*** Source information ***

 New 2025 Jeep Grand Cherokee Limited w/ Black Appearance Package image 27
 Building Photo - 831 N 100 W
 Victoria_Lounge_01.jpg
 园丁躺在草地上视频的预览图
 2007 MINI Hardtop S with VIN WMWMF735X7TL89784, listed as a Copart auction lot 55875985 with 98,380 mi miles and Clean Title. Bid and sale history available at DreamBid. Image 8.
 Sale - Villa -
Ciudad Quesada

*** End of Source information ***
*** Source information ***

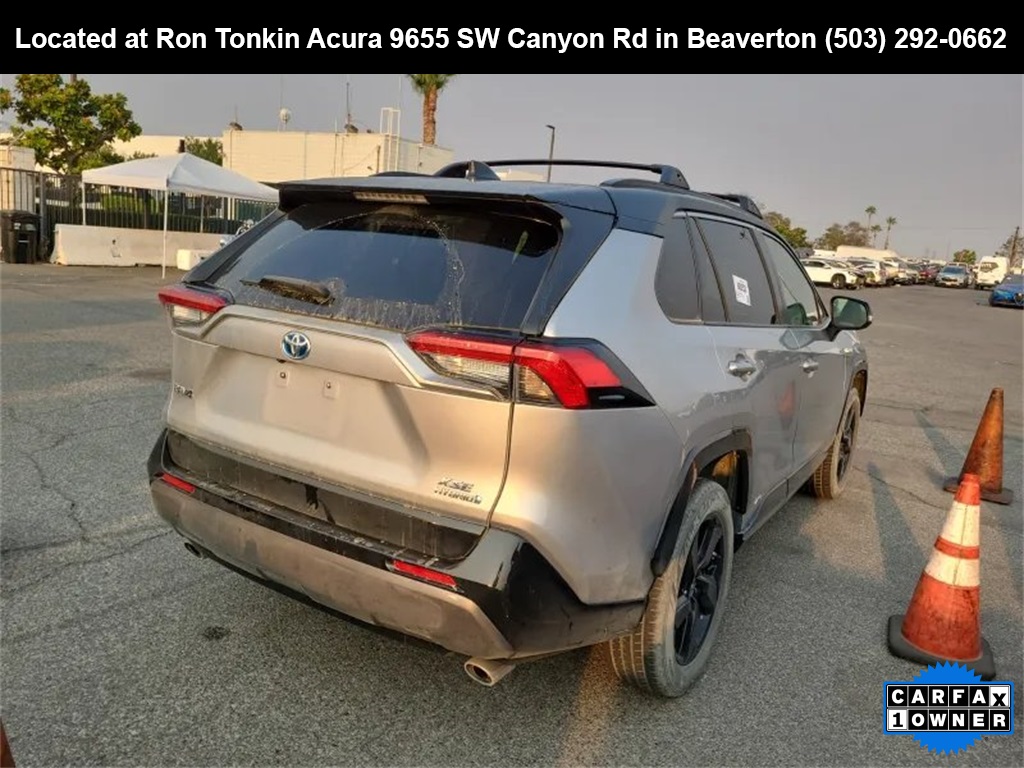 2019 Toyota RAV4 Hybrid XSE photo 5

*** End of Source information ***

## Exercise description
Reproducing the whole listing above is not the task. Copy exactly only the lines from the one with "园丁躺在草地上视频的预览图" to the one with "Ciudad Quesada", both kept.

## Written response
 园丁躺在草地上视频的预览图
 2007 MINI Hardtop S with VIN WMWMF735X7TL89784, listed as a Copart auction lot 55875985 with 98,380 mi miles and Clean Title. Bid and sale history available at DreamBid. Image 8.
 Sale - Villa -
Ciudad Quesada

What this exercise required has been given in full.